Reputation: 2528
Can anyone tell me what is going on here?
byte[] stamp = new byte[]{0,0,0,0,0,1,177,115};
string serialize = System.Text.Encoding.UTF8.GetString(stamp);
byte[] deserialize = System.Text.Encoding.UTF8.GetBytes(serialize);
//deserialize == byte[]{0,0,0,0,0,1,239,191,189,115}
Why is stamp != deserialize??
Upvotes: 4
Views: 316
Reputation: 1544
In your original byte array, you have the 177
character, which is the plusminus sign. However during the serialization, that code isn't being recognized. It's being replaced by 239 191 189
which is the REPLACEMENT CHARACTER.
Here's a chart for reference. http://www.utf8-chartable.de/unicode-utf8-table.pl?start=65280&utf8=dec
I'm not quite sure WHY the plusminus sign isn't recognized, but that's why the byte arrays aren't equal.
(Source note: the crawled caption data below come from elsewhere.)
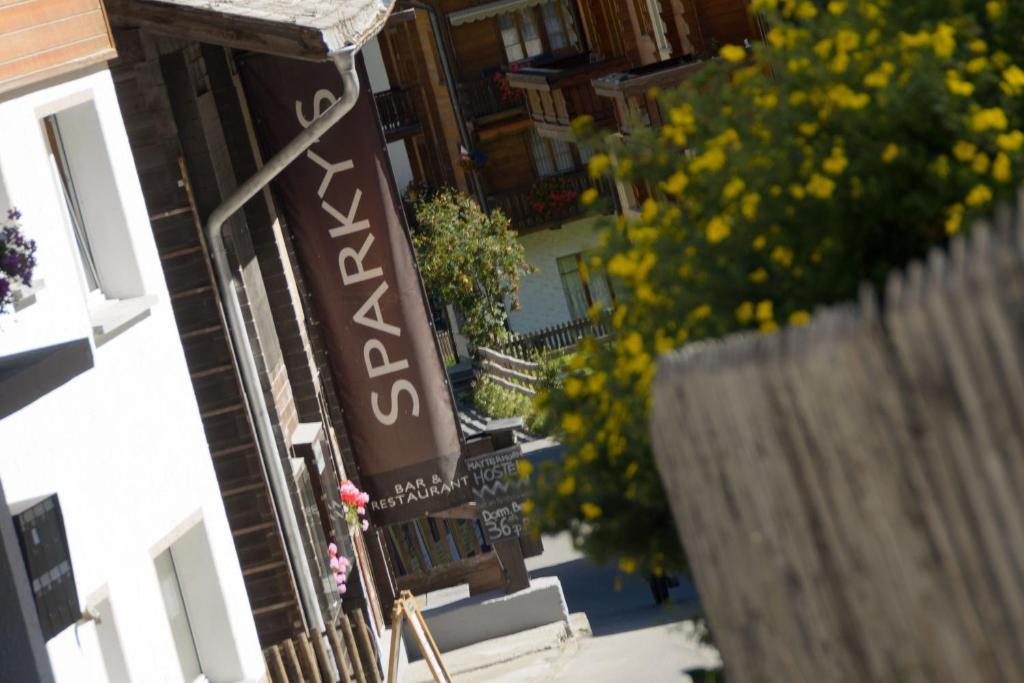 The Matterhorn Hostel Zermatt Bagian luar foto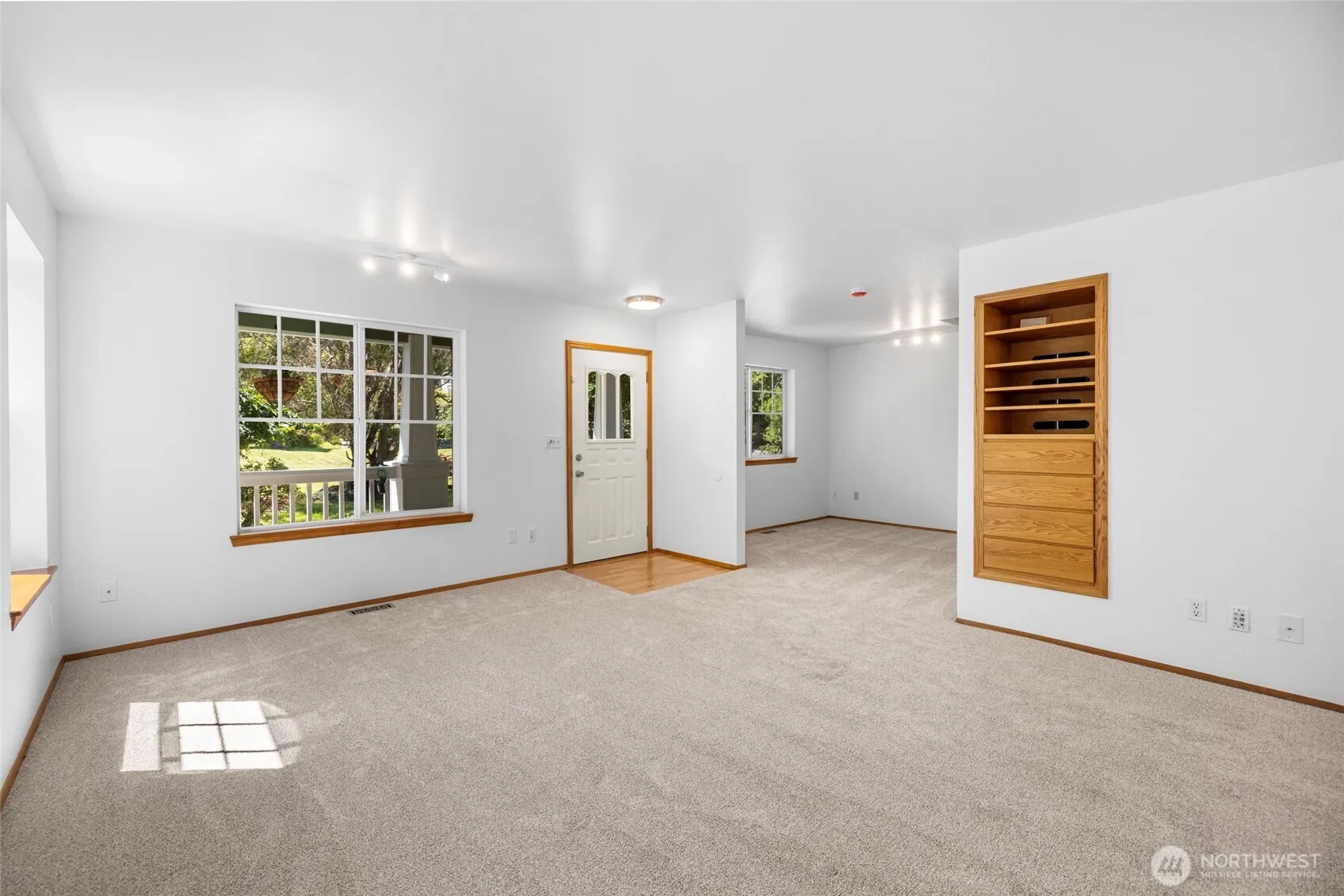 Property photo for 2609 C Avenue, Anacortes photo 5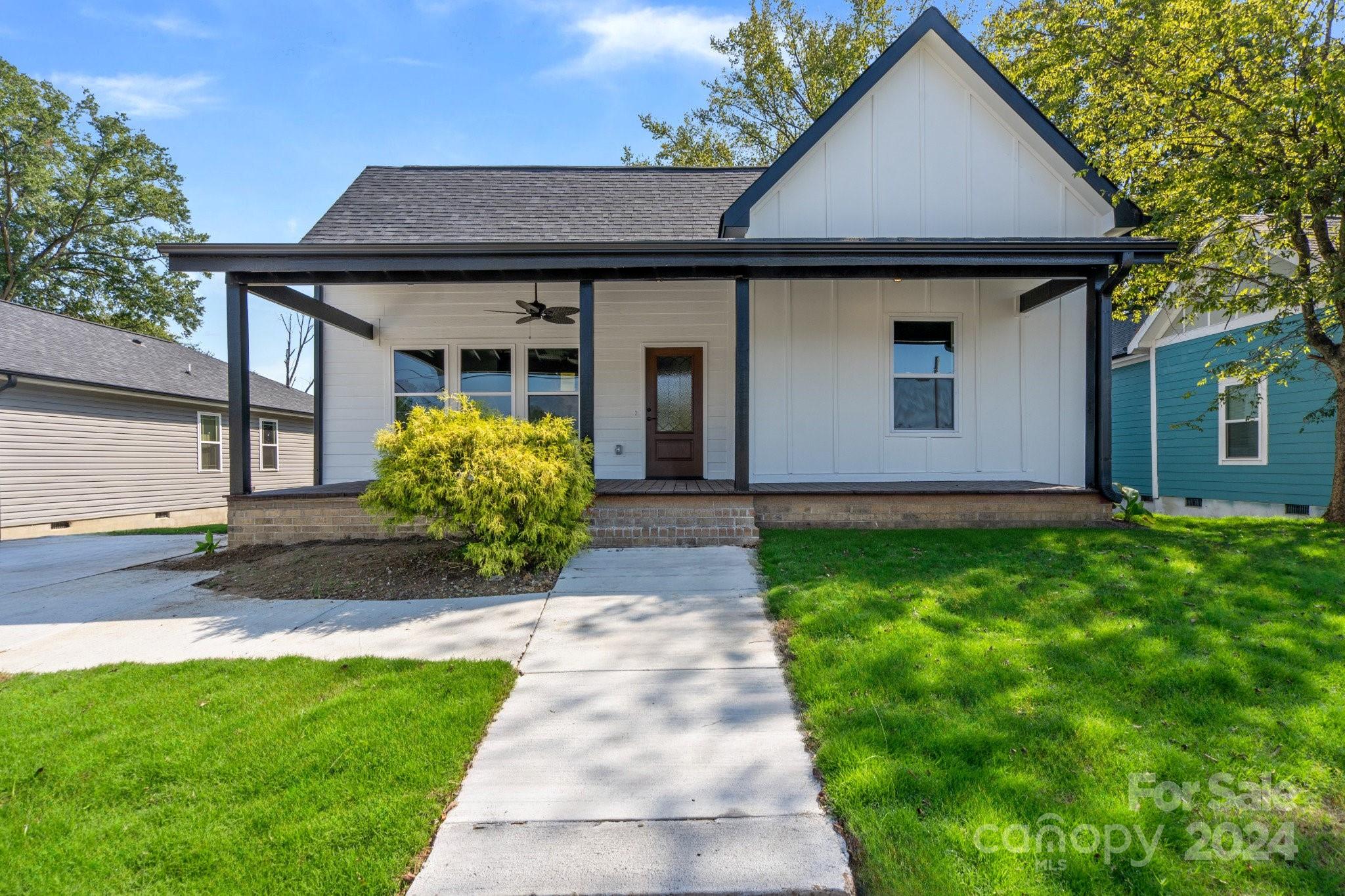 275 Cabarrus Avenue W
Other than that swap, they would be equal and the data isn't corrupted in any way.
Upvotes: 5
Reputation: 111219
The array of bytes does not encode a valid text string in UTF-8, so when you "serialize" it the parts that can't be recognized are replaced by a "replacement character." If you must convert byte arrays into strings you should find an encoding that does not have restrictions like this, such as ISO-8859-1.
In particular, the byte 177 cannot appear on its own in valid UTF-8: bytes in range 128 - 191 are "continuation bytes" that can appear only after a byte in range 194-244 has been seen. You can read more about UTF-8 here: https://en.wikipedia.org/wiki/UTF-8
Upvotes: 4